▶ Exercise prompt
In the copy, keep every record exact and leave out all images.

▶ Records shown
· · · · · · ·
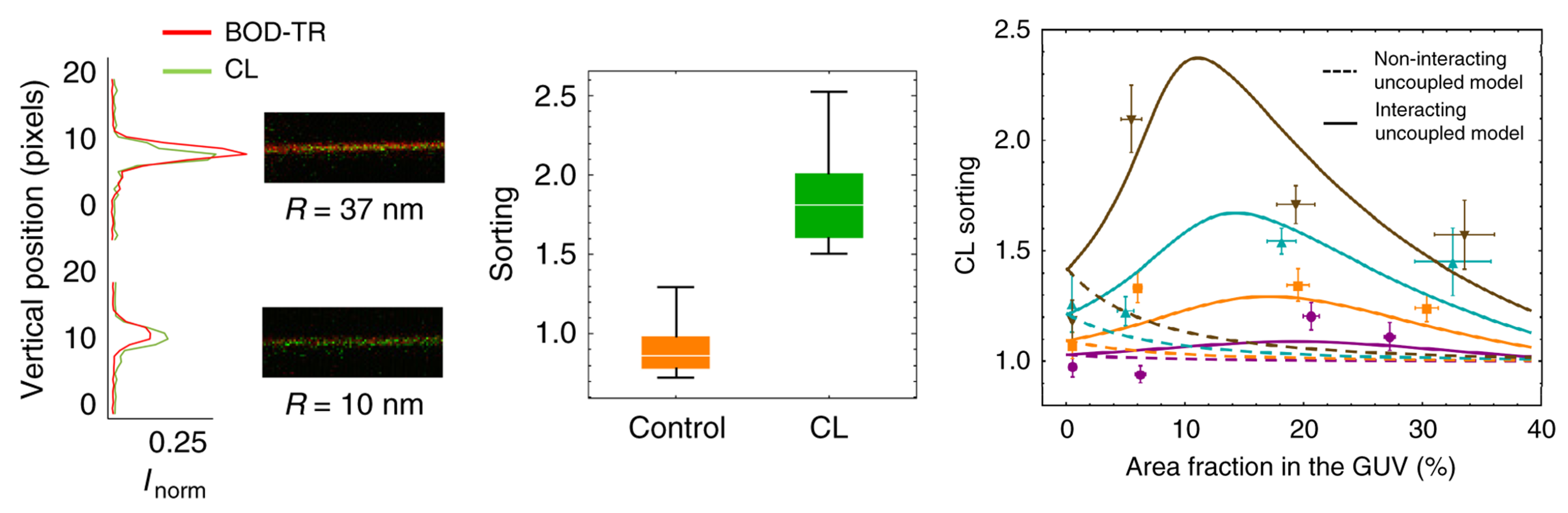 Membranes 11 00465 g008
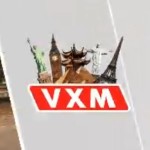 VxM 4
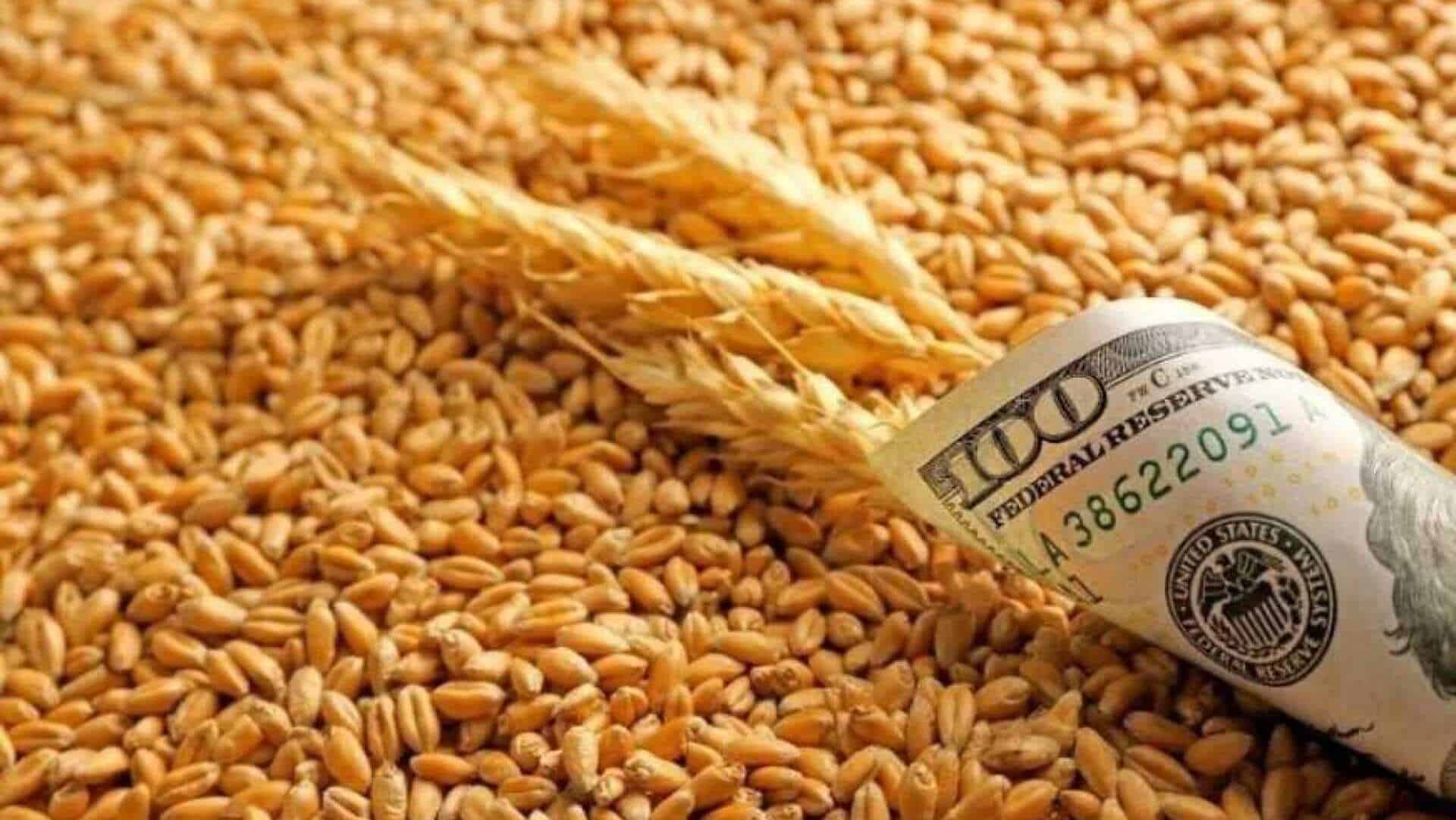 La hausse du coût du fret exerce une pression sur les prix du blé au Maroc 1 ارتفاع كلفة الشحن يضغط على أسعار القمح في المغرب
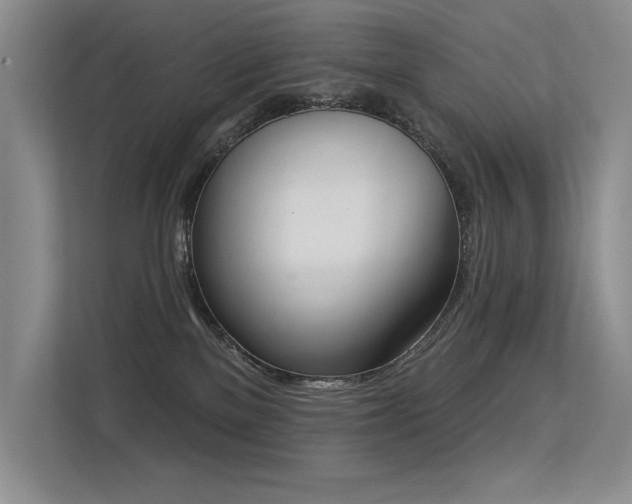 X0000113360137200909151243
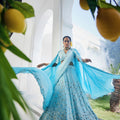 Blue Cape Lehenga Set image 0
· · · · · · ·
▶ Answer box
 Membranes 11 00465 g008
 VxM 4
 La hausse du coût du fret exerce une pression sur les prix du blé au Maroc 1 ارتفاع كلفة الشحن يضغط على أسعار القمح في المغرب
 X0000113360137200909151243
 Blue Cape Lehenga Set image 0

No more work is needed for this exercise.